For full-text search, my approach was to make my index binding to the value I want to search, like this:

First the function for create the wordparts:

function WordPartGenerator(Word) {
  return q.Let(
    {
      original: Word,
      lengths: [1, 2, 3, 4, 5, 6, ...],
      lengthsFiltered: q.Filter(
        q.Var('lengths'),
        q.Lambda(
          'l', 
          q.LTE(q.Var('l'), q.Length(q.Var('original')))
        )
      )
    },
    q.Map(
      q.Var('lengthsFiltered'), 
      q.Lambda(
        'l', 
        q.SubString(q.LowerCase(q.Var('original')), 0, q.Var('l'))
      )
    )
  )
}

Then used in the index binding:

q.CreateIndex({
      name: 'ejemplar_by_wordparts',
      source: [
        {
          collection: q.Collection("Ejemplares"),
          fields: {
            wordparts: q.Query(
              q.Lambda(
                'ejemplar', 
                WordPartGenerator(q.ToString(q.Select(["data", "ejemplar"], q.Var("ejemplar"))))
              )
            )
          }
        }
      ],
      terms: [{ binding: 'wordparts' }],
      values: [
        { field: ["data", "ejemplar"]},
        { field: ["data", "nombre"]},
        { field: ["data", "especie"]},
        { field: ["data", "raza"]},
        { field: ["data", "sexo"]},
        { field: ["data", "encaste"]},
        { field: ["data", "padre"]},
        { field: ["data", "madre"]},
        { field: ["data", "propietari"]},
        { field: ["ref"]}
      ],
      serialized: false
    })

Most of my indexes return data values, to try to avoid using get or map, since the project has more than 30k data to which it is necessary to be consulting in a full text search.

How about this approach, can it be made more optimized?

Very cool!

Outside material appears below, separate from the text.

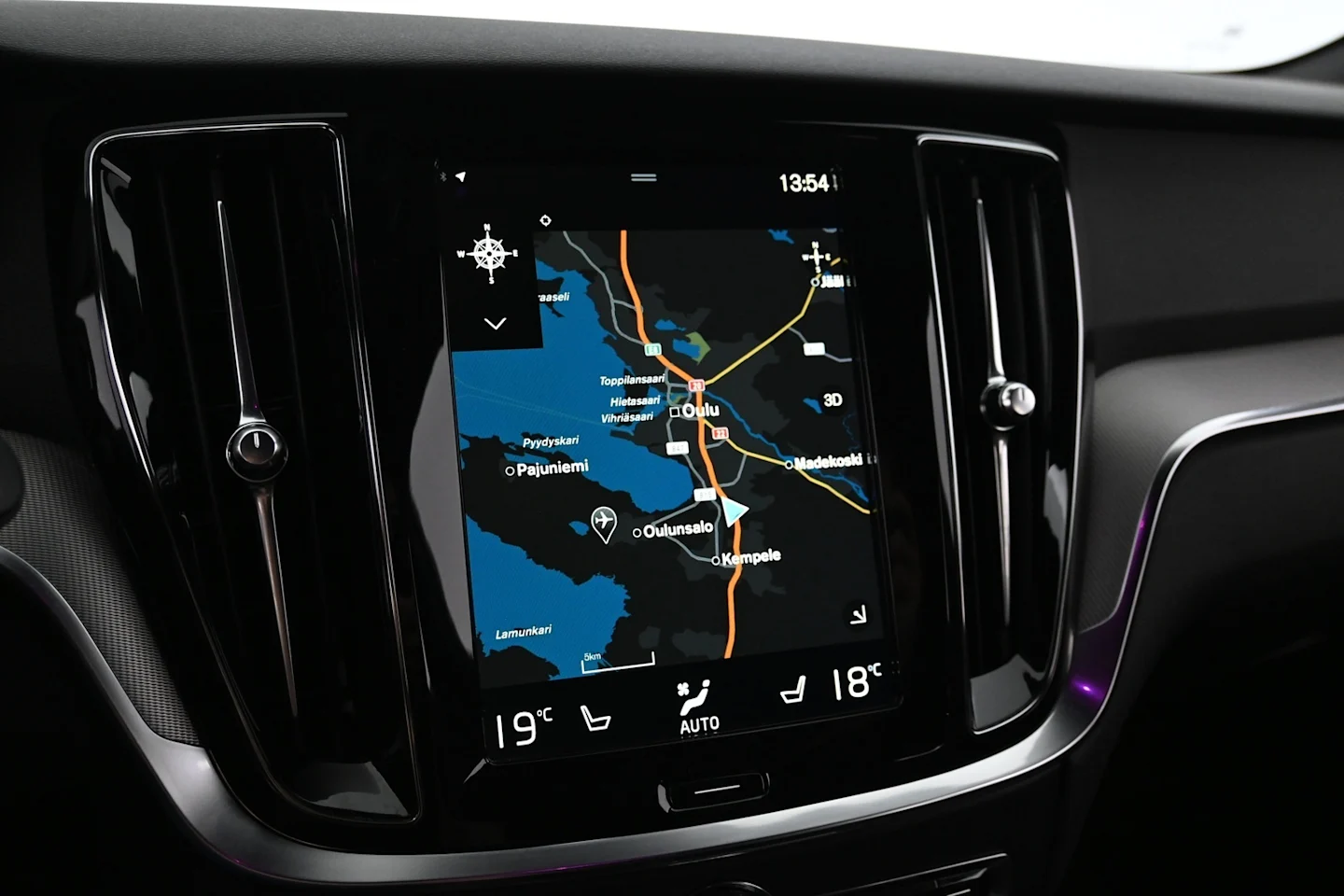 Car Image - 3SVxbfOh7HA7nkTtKdKJWR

I think it depends on how you want the search to work. You’ve got it so that it can search for an exact match of 1 to n characters. If that’s what you want then I think you’ve got it!

Obviously, the fewer the entries you are creating the more performant the index will be, build time, storage, etc. So maybe you could consider only matching on exact match of 3 to n characters.

lengths: [3, 4, 5, 6, ...],

But it’s up to you how you want your application to work.

Including many values on your index is also good, as you have found, if you can almost always just rely on those values. More storage used to duplicate the data, but much easier on the Read Ops.

Great advice @ptpaterson

lengths: [3, 4, 5, 6, ...]

But some values in which the index bindign is, are more than 20 characters, if my array of characters is less then, does it leave them out of the index?

This topic was automatically closed 14 days after the last reply. New replies are no longer allowed.